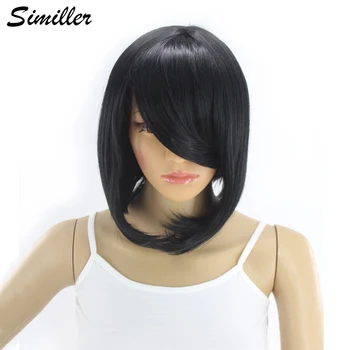 

Similler Black Light Dark Brown Synthetic Wig for Women Short Straight Hair with Tilted Bangs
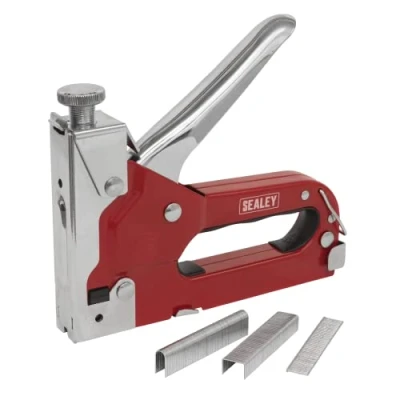 Image of Sealey Staple &amp; Brad Nail Gun Heavy Duty 4 14mm
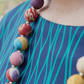 Long Single Strand Multi Color Bead Necklace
____
--- Your instructions ---
No pictures belong in the copy. Repeat the listing above exactly.

--- Written solution ---
Similler Black Light Dark Brown Synthetic Wig for Women Short Straight Hair with Tilted Bangs
 Image of Sealey Staple &amp; Brad Nail Gun Heavy Duty 4 14mm
 Long Single Strand Multi Color Bead Necklace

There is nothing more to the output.